As our regular readers are aware, the enactment of the MBTA Communities Act (commonly known as 3A) has generated more controversy in our community than any other issue in decades.
There have been many controversial matters over the past 70 years that we covered extensively (such as the the former Suffolk County jail on Deer Island, the expansion of Logan Airport, the MWRA sewage treatment plant on Deer Island, and the former MDC’s lack of maintenance of Winthrop Beach), but in each of those, our community was united in its opposition to the manner in which outside agencies impacted our town.
However, 3A has divided us as no other issue has in the more than six decades that we have been doing this. In addition, this divisiveness has turned personal — it has devolved from an ad hoc discussion into an ad hominem one — violating the precept set forth by our long-time publisher, the late Andrew P. Quigley (who certainly was no shrinking violet ), “We can disagree without being disagreeable.”
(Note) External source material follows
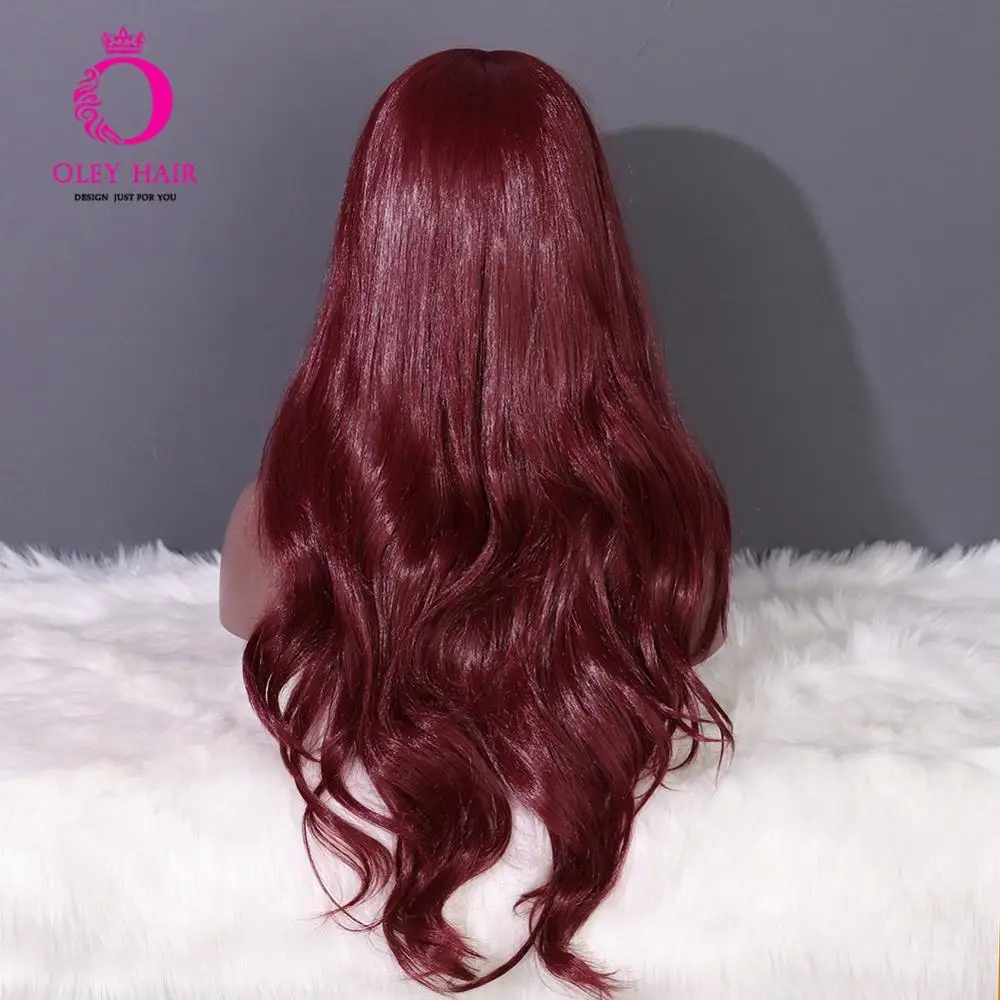 OLEY цвет красного вина длинные волнистые Glueless парик шнурка Косплей парики для женщин термостойкие Бордовый Красный синтетический парик фронта шнурка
We have printed numerous letters to the editor from both sides — as well as written countless news stories — about 3A in the past two years. However, the letters on both sides of the issue are repeating the same points ad nauseam and, as we noted, they contain comments of a personal nature that are irrelevant to the issue.
In short, we will write about 3A, both from a local and state perspective, as news develops. But at this point, we no longer will be accepting letters to the editor on this subject.